(Given data begins)

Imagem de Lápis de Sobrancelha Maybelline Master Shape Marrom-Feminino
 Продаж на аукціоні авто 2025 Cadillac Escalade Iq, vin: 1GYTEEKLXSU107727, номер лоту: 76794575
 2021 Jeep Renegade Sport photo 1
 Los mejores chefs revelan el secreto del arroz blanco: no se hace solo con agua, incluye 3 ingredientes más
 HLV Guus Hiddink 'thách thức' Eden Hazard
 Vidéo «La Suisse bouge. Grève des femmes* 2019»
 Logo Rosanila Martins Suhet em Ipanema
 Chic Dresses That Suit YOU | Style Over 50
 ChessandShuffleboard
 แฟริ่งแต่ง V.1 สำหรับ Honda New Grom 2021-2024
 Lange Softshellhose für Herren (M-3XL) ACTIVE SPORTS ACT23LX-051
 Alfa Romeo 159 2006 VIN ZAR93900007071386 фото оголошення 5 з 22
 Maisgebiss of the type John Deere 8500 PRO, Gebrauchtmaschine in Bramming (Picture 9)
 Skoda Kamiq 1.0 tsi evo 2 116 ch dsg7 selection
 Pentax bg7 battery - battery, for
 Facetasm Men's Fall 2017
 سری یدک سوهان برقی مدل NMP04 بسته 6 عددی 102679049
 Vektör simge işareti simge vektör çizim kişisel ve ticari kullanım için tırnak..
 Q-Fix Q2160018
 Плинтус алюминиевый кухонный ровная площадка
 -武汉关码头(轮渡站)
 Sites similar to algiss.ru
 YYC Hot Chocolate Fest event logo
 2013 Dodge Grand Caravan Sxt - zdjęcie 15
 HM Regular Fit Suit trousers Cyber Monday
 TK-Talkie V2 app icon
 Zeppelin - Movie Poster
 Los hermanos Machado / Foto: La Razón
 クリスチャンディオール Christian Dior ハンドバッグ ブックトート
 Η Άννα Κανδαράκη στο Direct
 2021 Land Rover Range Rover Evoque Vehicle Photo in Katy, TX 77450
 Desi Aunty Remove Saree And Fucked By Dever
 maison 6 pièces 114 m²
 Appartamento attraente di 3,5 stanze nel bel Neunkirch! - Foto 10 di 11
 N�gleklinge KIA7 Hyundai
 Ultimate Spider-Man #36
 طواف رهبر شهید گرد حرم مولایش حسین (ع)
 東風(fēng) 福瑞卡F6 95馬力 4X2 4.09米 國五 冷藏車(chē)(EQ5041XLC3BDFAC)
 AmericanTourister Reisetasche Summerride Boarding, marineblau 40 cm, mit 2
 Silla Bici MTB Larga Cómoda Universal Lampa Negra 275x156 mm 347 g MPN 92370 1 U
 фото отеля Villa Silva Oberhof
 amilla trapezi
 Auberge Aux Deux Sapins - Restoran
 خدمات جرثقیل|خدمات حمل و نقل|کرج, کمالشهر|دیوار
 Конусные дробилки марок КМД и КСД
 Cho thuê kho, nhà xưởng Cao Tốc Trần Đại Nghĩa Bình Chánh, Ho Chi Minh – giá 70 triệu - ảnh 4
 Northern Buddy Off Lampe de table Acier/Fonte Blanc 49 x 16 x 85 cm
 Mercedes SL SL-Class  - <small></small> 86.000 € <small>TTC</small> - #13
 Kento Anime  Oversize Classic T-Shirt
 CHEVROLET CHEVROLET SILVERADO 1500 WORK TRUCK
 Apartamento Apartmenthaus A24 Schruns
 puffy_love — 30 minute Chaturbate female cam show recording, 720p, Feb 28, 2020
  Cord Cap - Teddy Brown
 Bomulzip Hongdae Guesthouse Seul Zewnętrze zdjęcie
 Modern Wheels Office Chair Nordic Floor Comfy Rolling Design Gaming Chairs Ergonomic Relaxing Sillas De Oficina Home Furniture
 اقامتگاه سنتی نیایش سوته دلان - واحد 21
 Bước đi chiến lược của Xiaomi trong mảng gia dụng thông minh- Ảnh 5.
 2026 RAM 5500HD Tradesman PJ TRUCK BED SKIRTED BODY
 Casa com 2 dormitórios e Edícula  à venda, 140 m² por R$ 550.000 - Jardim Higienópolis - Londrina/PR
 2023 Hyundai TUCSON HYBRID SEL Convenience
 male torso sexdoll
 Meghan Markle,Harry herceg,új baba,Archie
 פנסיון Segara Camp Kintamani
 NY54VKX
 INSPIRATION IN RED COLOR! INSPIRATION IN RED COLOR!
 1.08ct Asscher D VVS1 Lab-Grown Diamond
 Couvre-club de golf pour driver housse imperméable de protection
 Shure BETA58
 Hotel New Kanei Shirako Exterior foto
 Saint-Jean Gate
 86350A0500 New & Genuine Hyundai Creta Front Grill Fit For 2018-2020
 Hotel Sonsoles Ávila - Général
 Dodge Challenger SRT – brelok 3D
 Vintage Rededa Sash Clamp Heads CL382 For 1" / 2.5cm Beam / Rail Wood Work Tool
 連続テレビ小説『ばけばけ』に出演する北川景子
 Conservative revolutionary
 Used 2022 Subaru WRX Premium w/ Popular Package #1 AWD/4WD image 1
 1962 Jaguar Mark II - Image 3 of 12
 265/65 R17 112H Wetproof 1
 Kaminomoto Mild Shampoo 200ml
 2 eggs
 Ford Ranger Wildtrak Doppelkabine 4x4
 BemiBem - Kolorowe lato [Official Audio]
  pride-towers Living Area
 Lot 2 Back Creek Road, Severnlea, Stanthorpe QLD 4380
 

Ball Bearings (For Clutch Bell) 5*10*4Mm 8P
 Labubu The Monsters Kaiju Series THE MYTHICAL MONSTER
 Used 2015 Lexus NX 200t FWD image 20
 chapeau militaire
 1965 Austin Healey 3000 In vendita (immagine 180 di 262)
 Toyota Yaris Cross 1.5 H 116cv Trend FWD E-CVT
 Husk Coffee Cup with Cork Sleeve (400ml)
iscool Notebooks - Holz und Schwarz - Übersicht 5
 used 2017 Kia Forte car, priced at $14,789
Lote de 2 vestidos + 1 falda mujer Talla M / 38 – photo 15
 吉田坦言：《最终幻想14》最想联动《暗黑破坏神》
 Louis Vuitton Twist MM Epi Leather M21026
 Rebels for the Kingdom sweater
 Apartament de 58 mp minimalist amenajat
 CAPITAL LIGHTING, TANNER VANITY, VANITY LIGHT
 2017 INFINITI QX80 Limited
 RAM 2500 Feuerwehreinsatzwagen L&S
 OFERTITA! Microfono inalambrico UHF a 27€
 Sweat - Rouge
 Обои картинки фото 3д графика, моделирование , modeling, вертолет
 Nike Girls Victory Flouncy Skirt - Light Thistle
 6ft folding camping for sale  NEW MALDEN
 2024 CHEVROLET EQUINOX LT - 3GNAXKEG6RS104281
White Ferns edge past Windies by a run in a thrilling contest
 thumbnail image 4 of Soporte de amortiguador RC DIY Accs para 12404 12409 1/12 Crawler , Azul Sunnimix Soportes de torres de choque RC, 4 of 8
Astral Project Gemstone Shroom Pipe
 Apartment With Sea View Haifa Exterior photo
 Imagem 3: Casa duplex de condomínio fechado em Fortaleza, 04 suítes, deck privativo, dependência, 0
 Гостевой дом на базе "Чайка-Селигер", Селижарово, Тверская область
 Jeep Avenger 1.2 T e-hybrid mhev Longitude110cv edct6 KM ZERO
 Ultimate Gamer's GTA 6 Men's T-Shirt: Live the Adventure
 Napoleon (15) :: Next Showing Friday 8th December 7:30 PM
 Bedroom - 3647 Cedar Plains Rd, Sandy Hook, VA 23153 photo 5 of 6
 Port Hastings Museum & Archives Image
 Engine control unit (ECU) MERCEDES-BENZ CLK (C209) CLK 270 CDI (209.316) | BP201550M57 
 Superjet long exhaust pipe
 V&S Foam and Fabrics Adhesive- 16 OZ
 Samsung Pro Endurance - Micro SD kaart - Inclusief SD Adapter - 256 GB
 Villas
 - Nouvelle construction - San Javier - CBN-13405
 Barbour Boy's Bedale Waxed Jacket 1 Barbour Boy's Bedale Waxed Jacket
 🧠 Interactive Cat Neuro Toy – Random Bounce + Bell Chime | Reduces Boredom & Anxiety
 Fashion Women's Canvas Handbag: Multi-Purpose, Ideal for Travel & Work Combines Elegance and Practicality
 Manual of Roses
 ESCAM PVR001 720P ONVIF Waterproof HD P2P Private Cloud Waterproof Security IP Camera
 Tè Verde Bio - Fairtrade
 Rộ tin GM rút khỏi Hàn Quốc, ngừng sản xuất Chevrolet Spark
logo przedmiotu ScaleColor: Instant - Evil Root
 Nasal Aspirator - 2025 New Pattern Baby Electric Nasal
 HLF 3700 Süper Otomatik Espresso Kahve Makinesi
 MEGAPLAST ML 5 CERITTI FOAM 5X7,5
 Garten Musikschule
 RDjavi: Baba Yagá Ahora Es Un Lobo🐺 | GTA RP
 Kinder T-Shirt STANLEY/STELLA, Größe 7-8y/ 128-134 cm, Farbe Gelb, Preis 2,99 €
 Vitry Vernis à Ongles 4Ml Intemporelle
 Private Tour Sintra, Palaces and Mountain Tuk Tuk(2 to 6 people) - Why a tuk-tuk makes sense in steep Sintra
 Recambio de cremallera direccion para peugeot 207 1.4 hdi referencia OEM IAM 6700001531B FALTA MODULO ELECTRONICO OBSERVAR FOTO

(Given data ends)

> _Task to carry out_
Take the lines from the start of the records through the line holding "Los mejores chefs", both included, and please print them exactly, with nothing else.

> _Written answer_
Imagem de Lápis de Sobrancelha Maybelline Master Shape Marrom-Feminino
 Продаж на аукціоні авто 2025 Cadillac Escalade Iq, vin: 1GYTEEKLXSU107727, номер лоту: 76794575
 2021 Jeep Renegade Sport photo 1
 Los mejores chefs revelan el secreto del arroz blanco: no se hace solo con agua, incluye 3 ingredientes más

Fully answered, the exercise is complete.